Brian Silak and I had the honor of visiting engineer/studio owner Denise Barbarita and her husband, drummer/music educator Rich Kulsar – both recent Grammy winners – at their Long Island City MONOLisa recording studio. We were treated to some really great hummus and an intense, lesson-filled career retrospective dotted with many dos and don’ts of both “the old way” and “the new way” of coming up in the industry.
You started your career as a singer-songwriter, and you studied guitar at Berklee College of Music. Did you also study engineering and production at Berklee?
That was my major; “Music Production & Engineering” [MP&E] and music synthesis, though I dropped the music synthesis double major in my senior year. I knew from the time I was in my early teens, somewhere in those formative years, that I wanted to be in the studio. I was a Pat Benatar fan – on the Precious Time record I could tell that the background vocals were her voice. I thought that she could sing three notes at a time, so I would practice and practice in front of the mirror with a hairbrush and try to sing all three of those notes at once! I thought I was horrible and would never amount to anything because I couldn’t sing three notes at once. I started listening to other records and realized, “Oh, they can do it too! I’m some freak who can’t do this.” Then I got a Hit Parader magazine with Pat Benatar on the cover, and they’re talking about overdubs. They were talking about the recording of the album, and how she did the background vocals. I was like, “What do you mean ‘overdubs?’ What do you mean ‘background vocals?’” For a good three or four months I was pissed; really angry. I thought, “She lied! It’s not fair!” My whole world broke down. Then I went to the library, because this was pre-internet, and I started reading about the recording studio. Then I realized that’s what I wanted to do. Even though I was a metalhead in high school, I was a closet Michael Jackson fan. I’d listen to Michael Jackson records and how he phrased; how he used his breath in the performance. I’d listen to all the background vocals and pieces of the arrangement, and I’d sit there in awe. Somebody made decisions. Berklee was my first choice for colleges. The first two semesters are general music education. You do the intro classes and then you choose a major. They only admit a certain number of people into the MP&E program. Berklee was a fun little microcosm. You leave your hometown feeling pretty good about yourself, then go to a place like Berklee, and feel like, “I suck.” But I thrive on that kind of competition. It makes me strive to do better. Boston is a college town, and MIT was right across the river. There was a “new technology” gathering every week; free and open to the public. Engineers would talk about new technologies they were working on. Hearing about the beginnings of digital audio, digital video, digital television, and laser technology – that was all discussed.
You were in an epicenter for this new technology.
I was fascinated. When they were talking about digital audio, I thought, “Yeah, that’s never going to happen.” But during my senior year at Berklee, Sound Tools [the precursor to Pro Tools] came out, which was stereo. When I graduated, 4-track Pro Tools had just hit. Then DP [Digital Performer] came out with stereo. [Opcode Systems] Vision was the other sequencing software that was popular around that time.
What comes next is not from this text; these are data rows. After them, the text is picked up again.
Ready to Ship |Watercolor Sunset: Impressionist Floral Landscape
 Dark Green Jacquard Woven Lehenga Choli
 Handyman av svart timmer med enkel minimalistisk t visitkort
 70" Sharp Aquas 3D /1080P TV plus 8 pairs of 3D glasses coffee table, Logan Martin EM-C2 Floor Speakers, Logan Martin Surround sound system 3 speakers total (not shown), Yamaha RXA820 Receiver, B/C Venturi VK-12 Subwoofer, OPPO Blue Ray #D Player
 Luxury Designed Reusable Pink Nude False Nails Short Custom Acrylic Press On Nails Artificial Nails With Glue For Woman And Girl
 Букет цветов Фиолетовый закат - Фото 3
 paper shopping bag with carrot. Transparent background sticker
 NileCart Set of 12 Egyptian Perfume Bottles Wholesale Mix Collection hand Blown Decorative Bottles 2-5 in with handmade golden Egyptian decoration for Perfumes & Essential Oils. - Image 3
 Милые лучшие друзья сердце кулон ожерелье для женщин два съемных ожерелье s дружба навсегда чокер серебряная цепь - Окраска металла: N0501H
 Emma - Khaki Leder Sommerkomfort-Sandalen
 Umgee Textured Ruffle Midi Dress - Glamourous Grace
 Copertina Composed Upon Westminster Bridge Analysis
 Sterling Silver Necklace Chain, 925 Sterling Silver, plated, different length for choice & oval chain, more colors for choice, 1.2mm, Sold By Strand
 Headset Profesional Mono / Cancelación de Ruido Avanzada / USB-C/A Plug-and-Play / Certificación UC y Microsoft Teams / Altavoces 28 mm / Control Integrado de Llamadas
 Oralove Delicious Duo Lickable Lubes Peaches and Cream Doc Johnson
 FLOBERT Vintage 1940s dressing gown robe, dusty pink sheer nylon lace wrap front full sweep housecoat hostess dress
My boyfriend (at the time) was a music synthesis major, and he said, “It’s going to surpass tape.” I was like, “Whatever.” And all these years later, here we are! It was an amazing experience to be in an environment where everybody was on the same page but had different interests. To be exposed to Brazilian and Cuban music, and to jazz – that feeling of, “I still have a lot to learn.” That’s something I never want to lose. If you don’t keep that sense of wonderment, you get stagnant. You don’t want to wind up being that person who’s five years behind the curve. When Pro Tools hit, for example, there were all sorts of A-list engineers who had to have an assistant that dealt with Pro Tools because they refused to learn the software. Are those guys still working?
Did you originally envision integrating your knowledge of engineering and production into your own music as a singer-songwriter, or were you...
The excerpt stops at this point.